C’est ainsi que, depuis le 8 décembre, plusieurs mairies
ouvrent leur portes pour recueillir « doléances et propositions ». Pour
l’Association des maires ruraux de France (AMRF) et l’Association des
petites villes de France (APVF), l’objectif est aussi de « faciliter
l’expression de celles et ceux qui sont empêchés (exclusion numérique,
analphabétisme…) ». Les bons vieux cahiers ont donc fait leur retour sur
les guichets des mairies derrière lesquels les agents municipaux se
mettent à la disposition des citoyens. C’est le cas à Clion-sur-Indre
(Indre). Dans cette commune berrichonne, les habitants peuvent formuler
leurs aspirations par écrit ou oralement.

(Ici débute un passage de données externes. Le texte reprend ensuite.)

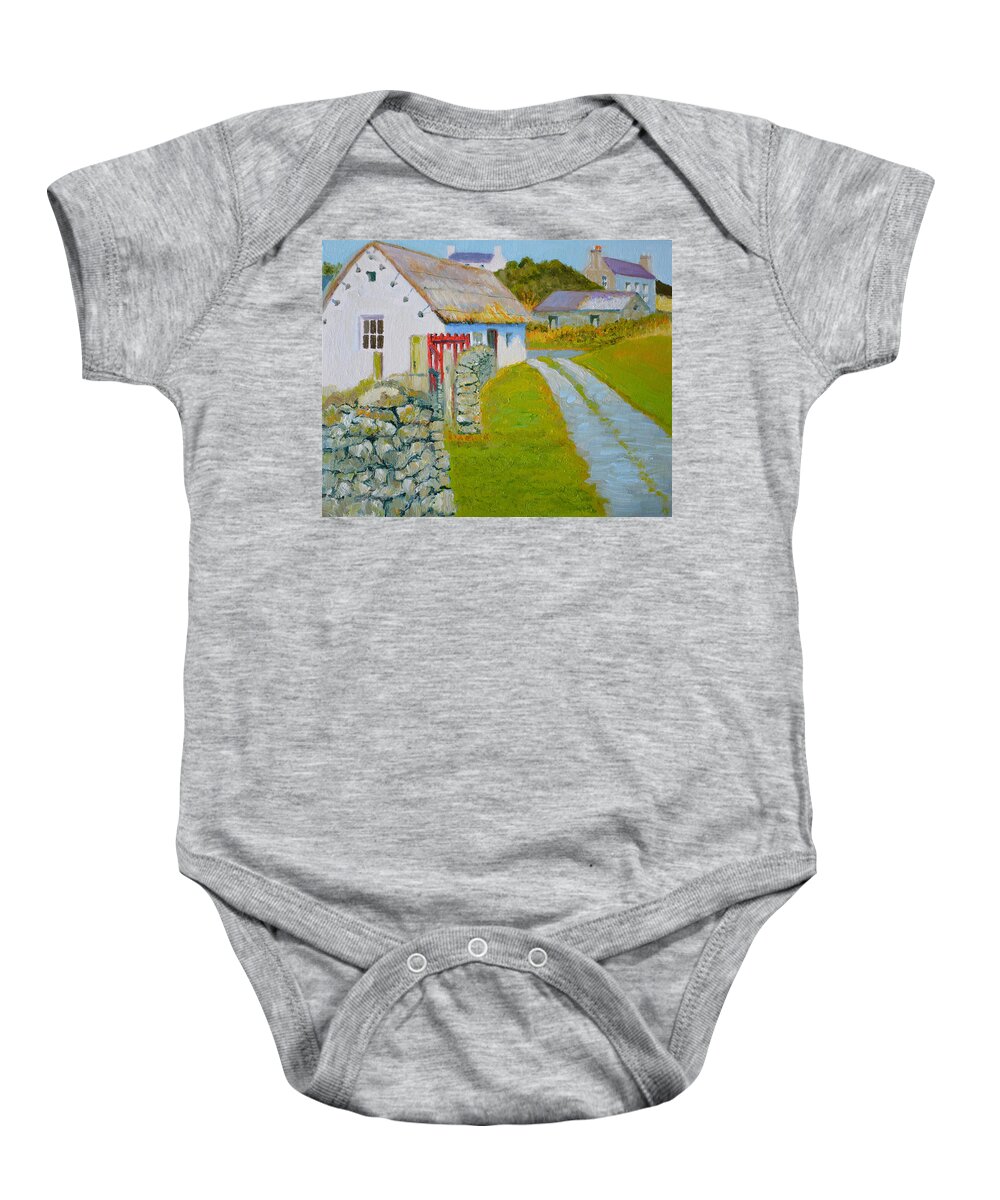 Landscape Baby Onesie featuring the painting Manx Red Gate by Dai Wynn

La mairie s’engage ensuite à
les transmettre pour en réaliser une synthèse départementale qui sera
diffusée au gouvernement, au Parlement et aux médias. « Il y a un
malaise profond », juge le maire Williams Lauerière, qui dit comprendre
le mouvement en s’estimant face à une Cocotte-Minute. « Ici, beaucoup
d’agriculteurs se plaignent de travailler beaucoup et de ne pas être
rémunérés en conséquence. Il faut les comprendre, ils voient des gens
aux minima sociaux qui gagnent parfois autant qu’eux ! » assène le maire
de droite. Ici, la colère n’est pas moins protéiforme qu’ailleurs et ne
prend pas toujours pour cible les profits des plus riches, pourtant à
l’origine de la crise. Parmi celles et ceux qui n’écriront pas sur les
cahiers de doléances, les veuves de paysans, dont la retraite plafonne
parfois à 500 euros. Celles-ci, qui bénéficient du soutien discret de la
municipalité, font pourtant « partie de ceux qui souffrent », relève le
maire.
En Dordogne, les maires ruraux ont été nombreux à ouvrir
des cahiers de doléances. « Une centaine de communes les ont mis en
place. Les remontées collent parfaitement aux revendications des gilets
jaunes », rapporte Alain Castang, président de l’Association des maires
ruraux du département. Ce maire de Rouffignac-de-Sigoulès soutient « à
fond » le mouvement. Il n’a pas été surpris de constater son ampleur : «
Bien avant les gilets jaunes, on sentait, dans nos campagnes, monter le
ras-le-bol de tous ces citoyens qui n’y arrivent plus. » Pour le
directeur de l’AMRF, Cédric Szabo, l’initiative a permis à de nombreux
citoyens de dire « j’existe ». Notamment aux très nombreuses personnes
dans les campagnes qui ne se sont pas rendues sur les ronds-points.
Parmi les cahiers déjà remontés, la question de l’urgence territoriale
surgit majoritairement du lot des revendications. Le volet «
propositions » représente quant à lui « un vivier considérable », pour
l’AMRF, qui dit jouir d’une écoute bien plus attentive depuis quelques
semaines de la part de l’exécutif. La synthèse des cahiers de doléances
devrait être connue dans le week-end.